Una conferma a tale interpretazione è data anche dal fatto che, in materia di IMU, l’art. 4, comma 12 quinquies del d.l. n. 16/2012 ha previsto una deroga circa il profilo soggettivo del tributo, al fine: di consentire l’applicazione dello stesso al coniuge assegnatario; inoltre, in tema di benefici prima casa, la Corte di Cassazione (con sent. n. 3753/2014) ha statuito che, non costituendo rassegnazione della casa coniugale un trasferimento di diritti reali, essa non ne comporta la revoca.

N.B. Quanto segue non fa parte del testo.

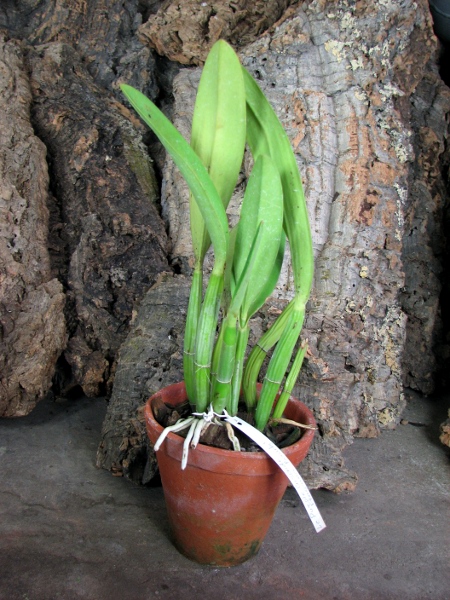 Laeliocattleya Purple Cascade 'Fragrance Beauty' (Interglossa x Tokyo Magic).JPG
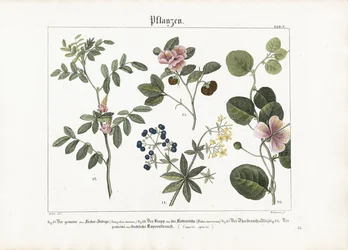 Verfplanten en kapperstruik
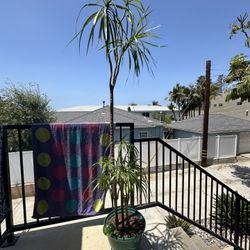House Plant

Pertanto, la rinuncia al diritto di abitazione non comporta una riespansione del diritto di piena proprietà come nel caso di rinuncia al diritto di usufrutto, essendo i relativi diritti di proprietà già pieni, ma consente soltanto la commerciabilità dell’immobile.

A fini fiscali, pertanto, la rinuncia al diritto di abitazione deve essere pertanto ricondotta a “tutti quegli atti, documenti e provvedimenti relativi al procedimento di scioglimento del matrimonio o cessazione degli effetti civili del matrimonio nonché ai procedimenti esecutivi e cautelari diretti ad ottenere la corresponsione a revisione degli assegni di cui all’art. 5 e 6 della L. 1 dicembre 1970 n. 898 che sono esenti dall’imposta di bollo, di registro e da ogni altra tassa”.

Sul punto, la stessa Agenzia delle Entrate ha confermato, con circolare n. 2/E del 2014) che “tali disposizioni di favore si riferiscono a tutti gli atti, documenti e provvedimenti che i coniugi pongono in essere nell‘intento di regolare i rapporti giuridici ed economici relativi al procedimento di scioglimento del matrimonio o di cessazione degli effetti civili dello stesso“.

Con riguardo alle spese, ove si consideri che la disciplina, applicabile ai processi in corso a decorrere dal 1° gennaio 2016, di cui ai nuovo testo dell’art., 15, comma 2, d.lgs. 546/1992 (come modificato dall’art, 9, comma 1, lett. f) d.lgs. 156/2015), stabilisce che “le spese di giudizio possono essere compensate in tutto o in parte dalla commissione tributaria soltanto in caso di soccombenza recìproca o qualora sussistano gravi ed eccezionali ragioni che devono essere espressamente motivate”, si ritengono, nel caso di specie, sussistenti le predette circostanze, in ragione della particolare complessità della materia.

P.Q.M.

la Commissione rigetta l’appello. Spese compensate.